§ **Work item**
Starting at the first line of the listing below and ending at the line with "想要舒适清爽的环境，只差一台草莓视频APP在线观看", copy each line exactly.

***** Supplied material

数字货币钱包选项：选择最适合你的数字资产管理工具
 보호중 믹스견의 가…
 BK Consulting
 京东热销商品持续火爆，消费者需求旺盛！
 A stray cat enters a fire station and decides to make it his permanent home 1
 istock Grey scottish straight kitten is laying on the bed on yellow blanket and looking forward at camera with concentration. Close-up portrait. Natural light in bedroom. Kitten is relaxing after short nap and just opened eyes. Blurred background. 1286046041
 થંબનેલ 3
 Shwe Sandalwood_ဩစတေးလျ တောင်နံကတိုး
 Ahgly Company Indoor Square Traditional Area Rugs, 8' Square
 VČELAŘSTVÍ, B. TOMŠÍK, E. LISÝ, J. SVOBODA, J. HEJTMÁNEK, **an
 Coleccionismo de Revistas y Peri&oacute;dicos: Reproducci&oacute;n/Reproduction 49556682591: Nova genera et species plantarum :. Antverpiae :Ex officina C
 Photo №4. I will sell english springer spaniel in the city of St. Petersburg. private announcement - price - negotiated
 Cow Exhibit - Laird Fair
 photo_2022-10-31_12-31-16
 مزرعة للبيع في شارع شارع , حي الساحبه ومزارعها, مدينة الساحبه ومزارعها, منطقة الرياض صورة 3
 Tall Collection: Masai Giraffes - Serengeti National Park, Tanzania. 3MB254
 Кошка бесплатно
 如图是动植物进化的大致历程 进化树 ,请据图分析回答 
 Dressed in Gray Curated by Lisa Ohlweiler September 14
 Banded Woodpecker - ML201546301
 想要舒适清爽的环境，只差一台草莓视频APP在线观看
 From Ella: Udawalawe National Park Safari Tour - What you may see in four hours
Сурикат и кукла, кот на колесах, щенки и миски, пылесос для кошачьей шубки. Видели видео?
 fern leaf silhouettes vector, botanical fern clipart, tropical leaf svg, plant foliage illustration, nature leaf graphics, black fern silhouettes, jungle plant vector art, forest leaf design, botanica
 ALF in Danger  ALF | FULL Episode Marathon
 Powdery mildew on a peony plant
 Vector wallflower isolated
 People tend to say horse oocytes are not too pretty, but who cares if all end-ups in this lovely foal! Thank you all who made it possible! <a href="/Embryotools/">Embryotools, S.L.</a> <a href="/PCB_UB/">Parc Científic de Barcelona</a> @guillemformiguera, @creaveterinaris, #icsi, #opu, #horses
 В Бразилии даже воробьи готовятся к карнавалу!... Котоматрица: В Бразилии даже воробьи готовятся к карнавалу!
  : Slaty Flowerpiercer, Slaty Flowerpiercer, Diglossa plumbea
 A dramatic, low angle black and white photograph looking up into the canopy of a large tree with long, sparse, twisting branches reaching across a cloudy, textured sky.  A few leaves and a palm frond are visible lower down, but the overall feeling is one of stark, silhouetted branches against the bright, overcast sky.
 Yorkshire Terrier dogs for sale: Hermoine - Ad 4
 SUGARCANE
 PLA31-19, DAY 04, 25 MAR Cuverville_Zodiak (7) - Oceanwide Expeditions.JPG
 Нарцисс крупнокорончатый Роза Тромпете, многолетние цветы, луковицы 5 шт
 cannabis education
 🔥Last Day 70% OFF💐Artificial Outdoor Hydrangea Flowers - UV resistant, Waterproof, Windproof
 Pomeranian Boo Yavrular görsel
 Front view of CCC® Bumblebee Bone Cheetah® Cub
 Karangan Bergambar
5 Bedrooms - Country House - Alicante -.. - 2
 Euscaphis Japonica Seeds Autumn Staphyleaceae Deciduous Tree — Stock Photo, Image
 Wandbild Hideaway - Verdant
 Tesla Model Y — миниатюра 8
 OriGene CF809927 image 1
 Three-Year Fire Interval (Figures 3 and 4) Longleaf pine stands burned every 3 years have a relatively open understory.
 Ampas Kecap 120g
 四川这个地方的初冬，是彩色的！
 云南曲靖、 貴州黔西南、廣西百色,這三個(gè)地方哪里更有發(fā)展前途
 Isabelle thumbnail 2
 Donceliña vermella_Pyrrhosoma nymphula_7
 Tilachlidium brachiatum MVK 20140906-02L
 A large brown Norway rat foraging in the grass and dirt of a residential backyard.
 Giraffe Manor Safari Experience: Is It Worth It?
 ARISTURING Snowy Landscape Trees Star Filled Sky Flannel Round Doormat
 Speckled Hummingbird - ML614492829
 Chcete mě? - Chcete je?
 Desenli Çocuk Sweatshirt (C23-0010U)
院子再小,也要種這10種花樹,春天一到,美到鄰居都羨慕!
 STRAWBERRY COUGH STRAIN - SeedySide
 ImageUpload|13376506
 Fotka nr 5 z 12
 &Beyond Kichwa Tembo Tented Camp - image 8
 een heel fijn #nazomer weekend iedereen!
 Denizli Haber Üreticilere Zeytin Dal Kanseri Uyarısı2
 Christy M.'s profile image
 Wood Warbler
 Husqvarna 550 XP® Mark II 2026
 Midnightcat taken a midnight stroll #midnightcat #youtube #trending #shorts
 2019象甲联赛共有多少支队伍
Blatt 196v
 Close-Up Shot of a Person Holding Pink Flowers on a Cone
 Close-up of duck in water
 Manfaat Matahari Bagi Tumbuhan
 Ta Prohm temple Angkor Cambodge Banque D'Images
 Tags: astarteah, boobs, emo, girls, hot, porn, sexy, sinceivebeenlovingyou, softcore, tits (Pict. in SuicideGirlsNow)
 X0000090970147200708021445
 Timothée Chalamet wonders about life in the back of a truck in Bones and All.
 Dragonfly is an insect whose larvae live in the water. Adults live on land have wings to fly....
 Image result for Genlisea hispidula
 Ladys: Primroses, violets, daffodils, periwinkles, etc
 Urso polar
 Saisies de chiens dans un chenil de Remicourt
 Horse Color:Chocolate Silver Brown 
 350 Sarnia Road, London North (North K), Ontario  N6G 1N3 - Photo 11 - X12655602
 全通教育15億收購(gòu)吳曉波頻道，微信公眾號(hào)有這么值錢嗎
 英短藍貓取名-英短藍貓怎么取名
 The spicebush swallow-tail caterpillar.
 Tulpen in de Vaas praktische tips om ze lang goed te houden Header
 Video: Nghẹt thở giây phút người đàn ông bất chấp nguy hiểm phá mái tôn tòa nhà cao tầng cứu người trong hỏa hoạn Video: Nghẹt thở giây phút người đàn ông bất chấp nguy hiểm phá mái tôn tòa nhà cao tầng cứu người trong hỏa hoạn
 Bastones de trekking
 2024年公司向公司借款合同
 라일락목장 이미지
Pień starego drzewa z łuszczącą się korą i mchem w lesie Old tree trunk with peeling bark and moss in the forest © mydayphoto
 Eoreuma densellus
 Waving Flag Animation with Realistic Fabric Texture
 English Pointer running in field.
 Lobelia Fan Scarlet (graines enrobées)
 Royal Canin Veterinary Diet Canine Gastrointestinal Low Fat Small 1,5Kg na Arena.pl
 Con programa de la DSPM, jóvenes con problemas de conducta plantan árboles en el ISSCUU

**********

§ **Task output**
数字货币钱包选项：选择最适合你的数字资产管理工具
 보호중 믹스견의 가…
 BK Consulting
 京东热销商品持续火爆，消费者需求旺盛！
 A stray cat enters a fire station and decides to make it his permanent home 1
 istock Grey scottish straight kitten is laying on the bed on yellow blanket and looking forward at camera with concentration. Close-up portrait. Natural light in bedroom. Kitten is relaxing after short nap and just opened eyes. Blurred background. 1286046041
 થંબનેલ 3
 Shwe Sandalwood_ဩစတေးလျ တောင်နံကတိုး
 Ahgly Company Indoor Square Traditional Area Rugs, 8' Square
 VČELAŘSTVÍ, B. TOMŠÍK, E. LISÝ, J. SVOBODA, J. HEJTMÁNEK, **an
 Coleccionismo de Revistas y Peri&oacute;dicos: Reproducci&oacute;n/Reproduction 49556682591: Nova genera et species plantarum :. Antverpiae :Ex officina C
 Photo №4. I will sell english springer spaniel in the city of St. Petersburg. private announcement - price - negotiated
 Cow Exhibit - Laird Fair
 photo_2022-10-31_12-31-16
 مزرعة للبيع في شارع شارع , حي الساحبه ومزارعها, مدينة الساحبه ومزارعها, منطقة الرياض صورة 3
 Tall Collection: Masai Giraffes - Serengeti National Park, Tanzania. 3MB254
 Кошка бесплатно
 如图是动植物进化的大致历程 进化树 ,请据图分析回答 
 Dressed in Gray Curated by Lisa Ohlweiler September 14
 Banded Woodpecker - ML201546301
 想要舒适清爽的环境，只差一台草莓视频APP在线观看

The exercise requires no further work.